The meeting emphasised the importance of defining the products and markets considered as priority and non-priority, given the wide range of products in the fruit and vegetable sector and the many countries where there may be opportunities. For this reason, it was agreed to standardise the process to request the opening of new markets, basing it on a questionnaire to be completed by the association interested in that opening and which provides basic information about the country of destination, as well as the companies interested in exporting.
Progress was also made in the status of the opening dossiers already being processed, focusing on this occasion on the opening of the Indian market for stonefruit, and especially on the cold treatment required for the transport by sea.
For FEPEX, this Fruit and Vegetables Working Group is of particular interest, because it is carrying out an exhaustive analysis of the phytosanitary barriers and needs that the horticultural sector is facing to access non-EU markets and proposing multiple actions.

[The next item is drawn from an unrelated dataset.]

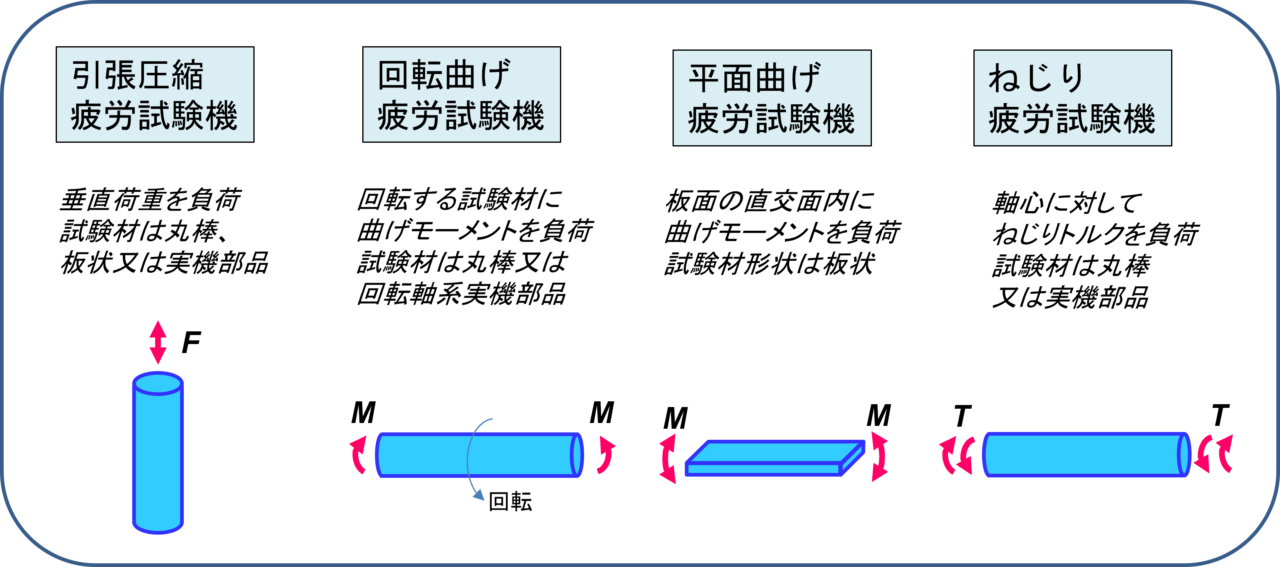 図２．主要な疲労試験機の種類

FEPEX believes that a greater involvement of the European Commission is necessary for the opening of new markets. In contrast to the phytosanitary import regime applied in the EU, which is an open regime and allows entry into its territory of everything that is not expressly prohibited, countries such as China, Japan, India, the US or South Africa only allow access into their territory to those products/countries for which there has been a negotiation process leading to the signing of an export protocol, which features the organisms considered harmful by the importing country and establishes specific control measures. The negotiation of this export protocol usually takes several years.